Reliability Improvement and Effective Switching Layer Model of Thin‐Film MoS2 Memristors

Abstract 2D memristors have demonstrated attractive resistive switching characteristics recently but also suffer from the reliability issue, which limits practical applications. Previous efforts on 2D memristors have primarily focused on exploring new material systems, while damage from the metallization step remains a practical concern for the reliability of 2D memristors. Here, the impact of metallization conditions and the thickness of MoS 2 films on the reliability and other device metrics of MoS 2 ‐based memristors is carefully studied. The statistical electrical measurements show that the reliability can be improved to 92% for yield and improved by ≈16× for average DC cycling endurance in the devices by reducing the top electrode (TE) deposition rate and increasing the thickness of MoS 2 films. Intriguing convergence of switching voltages and resistance ratio is revealed by the statistical analysis of experimental switching cycles.
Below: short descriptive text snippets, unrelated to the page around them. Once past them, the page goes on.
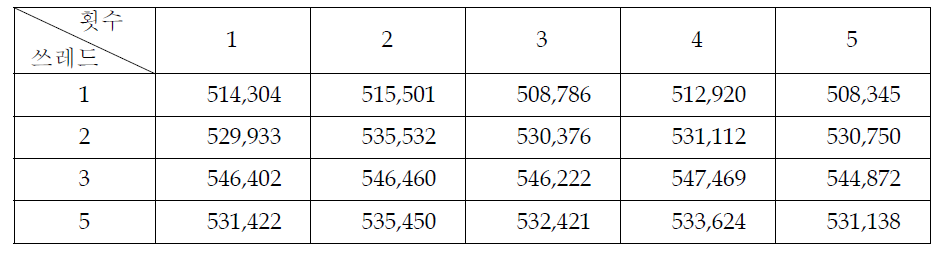 The elapsed time for file transfer according to the number of threads by using synchronous mode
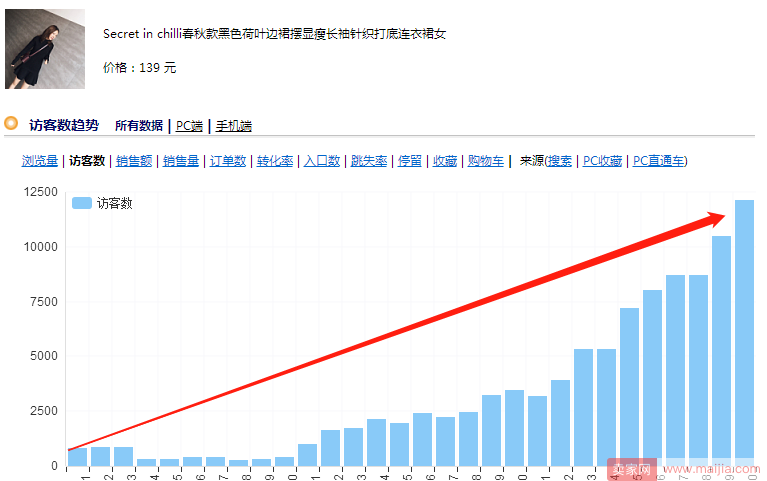 实操打开搜索的第一步：正确优化标题的姿势轻松打开搜索流量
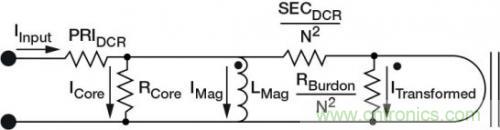 對比六種電流測量方法，孰優孰略一目了然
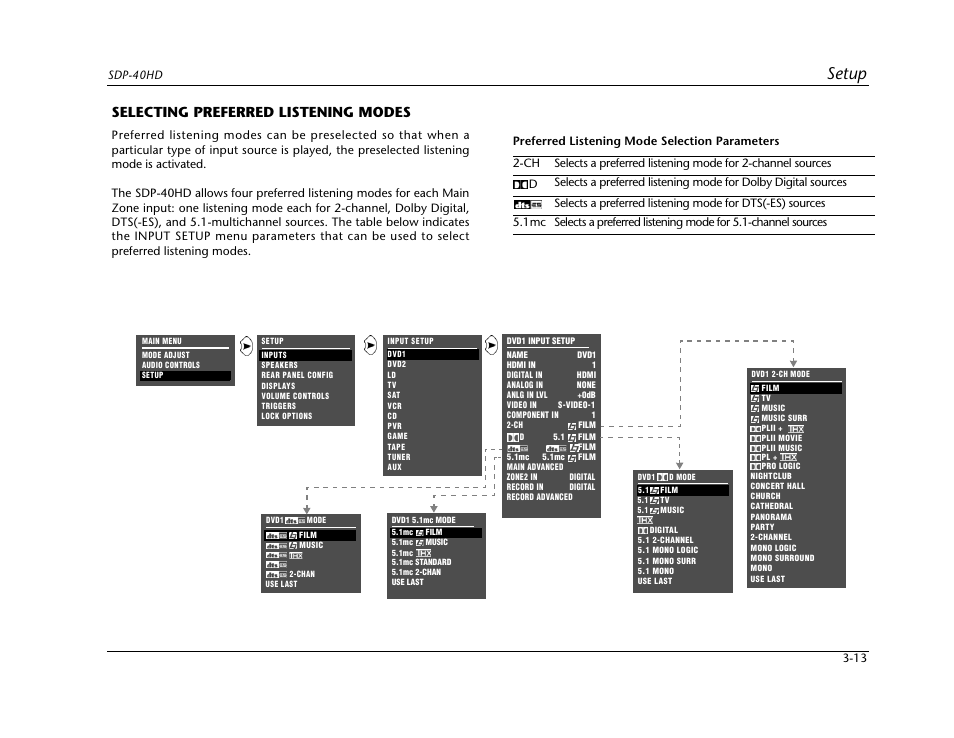 Selecting preferred listening modes -13, Setup, Selecting preferred listening modes | JBL SYNTHESIS SDP-40HD User Manual | Page 53 / 190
An “effective switching layer” model compatible with both monolayer and few‐layer MoS 2 , is proposed to understand the reliability improvement related to the optimization of fabrication configuration and the convergence of switching metrics. The Monte Carlo simulations help illustrate the underlying physics of endurance failure associated with cluster formation and provide additional insight into endurance improvement with device fabrication optimization.